I sold my 2004 Subaru WRX, fun car, very fast - 5 speed, all-wheel drive. Great in the winter with blizzaks. 
Got 12K for it, bought my 2012 Cruze LS for 15K so that was a good trade up for the money.


----------



## Vetterin (Mar 27, 2011)

2006 Subaru Legacy GT Wagon. Absolutely loved that car but driving 400 miles a week did NOT love the gas mileage. If I wouldn't have moved so far away from work I would probably still have it.


----------



## The_Madcat (Oct 6, 2012)

Traded the wifes 03 PT Cruiser, thank god that will be gone soon. Never, ever, ever buy something because the wife thinks it is cute lol.


@#[email protected]# Chrysler and their rinky dink parts/assembly.


----------



## wayztr (Oct 8, 2012)

Traded in a sweet 2002 Pontiac Grand Prix GTP. Owned it for close to four years. A great car up until the end when I had to put 4K into it for everything from intake gasket to plugs to catalytic converter flex pipe. Just couldn't bear the thought of losing that four grand on a ten year old car, so got it back in trade for the brand new Cruze LT RS. Sure, I hate having a car payment, but I do love the security of the warranty. Helps me sleep at night. 
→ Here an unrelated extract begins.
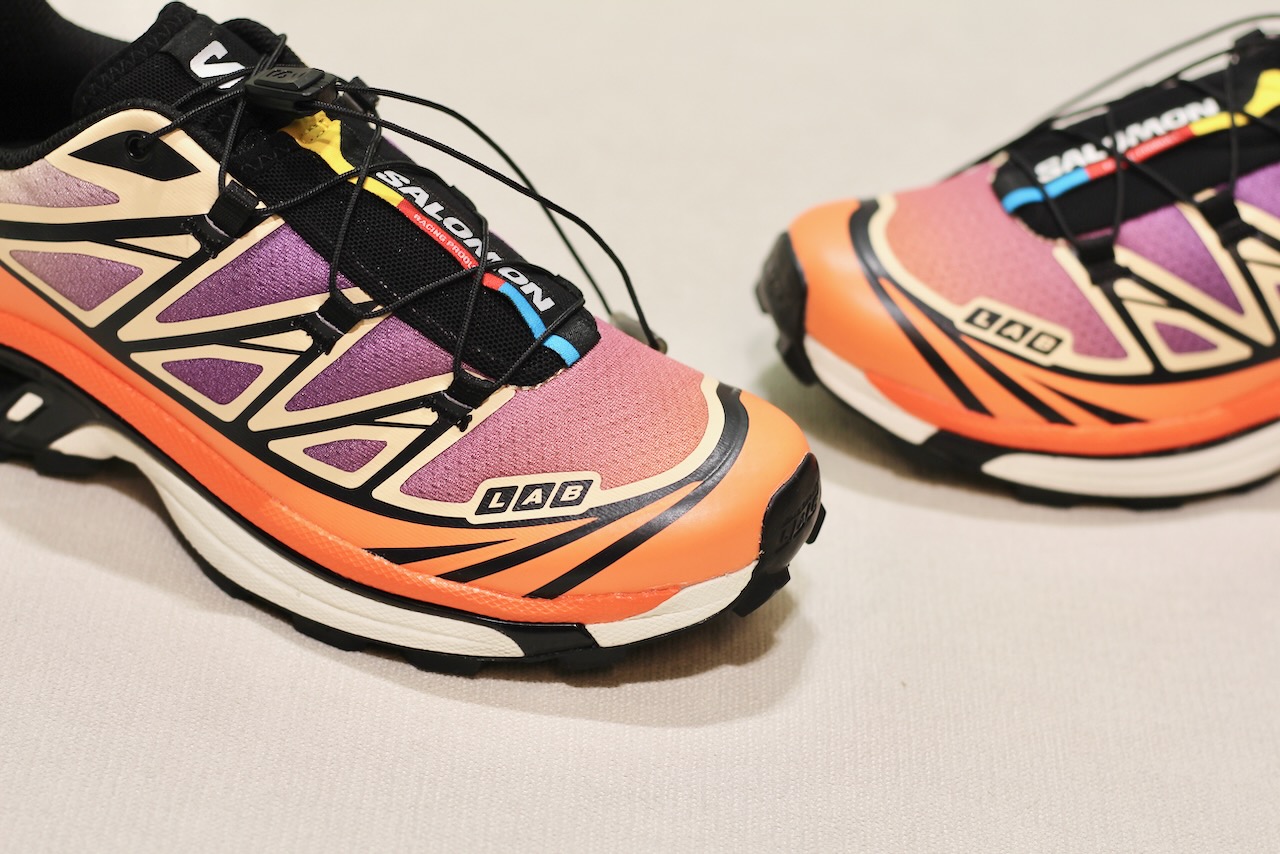 Salomon XT-6 Black Almond Cream Dragon Fire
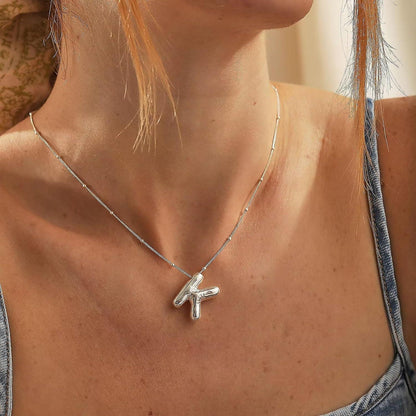 🔥Summer sale🎁⏰Bubble Letter Necklace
BTW, here's a photo. This is the special 40th Anniversary edition - special paint, special interior, special wheels.


----------



## Subic (May 6, 2012)

Traded sold nothing. I wanted a third car that got good MPG.


----------



## Bohdan (Apr 28, 2012)

Traded my 2002 Camaro 35th anniversary edition with its 5.7 engine and ram air. After all the years it was time for something different and a gas saver. Got a great deal for it since they had buyers already looking for that Car model. Got the Cruze LTZ/RS.


----------



## inkspot1967 (Sep 10, 2012)

i traded in my 2008 mini cooper s convertible , i really loved my cooper and it was a total absolute blast to drive ,but over time it was just getting smaller and smaller feeling to me and really couldnt put anyone in the back and the truck well lets say what trunk.


----------



## Mattburgess (May 29, 2012)

I traded a 2004 chevy cavalier 5 speed with 98000 miles. Dealer gave me 2600 for it plus 3000 in other sales twards my 12 eco auto.. Its a 39 month lease that costs me $175 a month. After i can buy it for 11, 500 or jump in something else..


----------



## jgaul79 (Sep 2, 2012)

Got rid of my 05 Trailblazer. Biggest POS that I've ever owned. I had it for three years and in that time it went through four thermostats and numerous other CELs. By time I abandoned it at the dealership it also needed a new fan clutch, wheel hub bearing and an exhaust. After several hours of fighting the dealership over financing they gave me $4000 for it. I miss the storage of it and that's about it. Love the Cruze and the mpgs that I'm getting.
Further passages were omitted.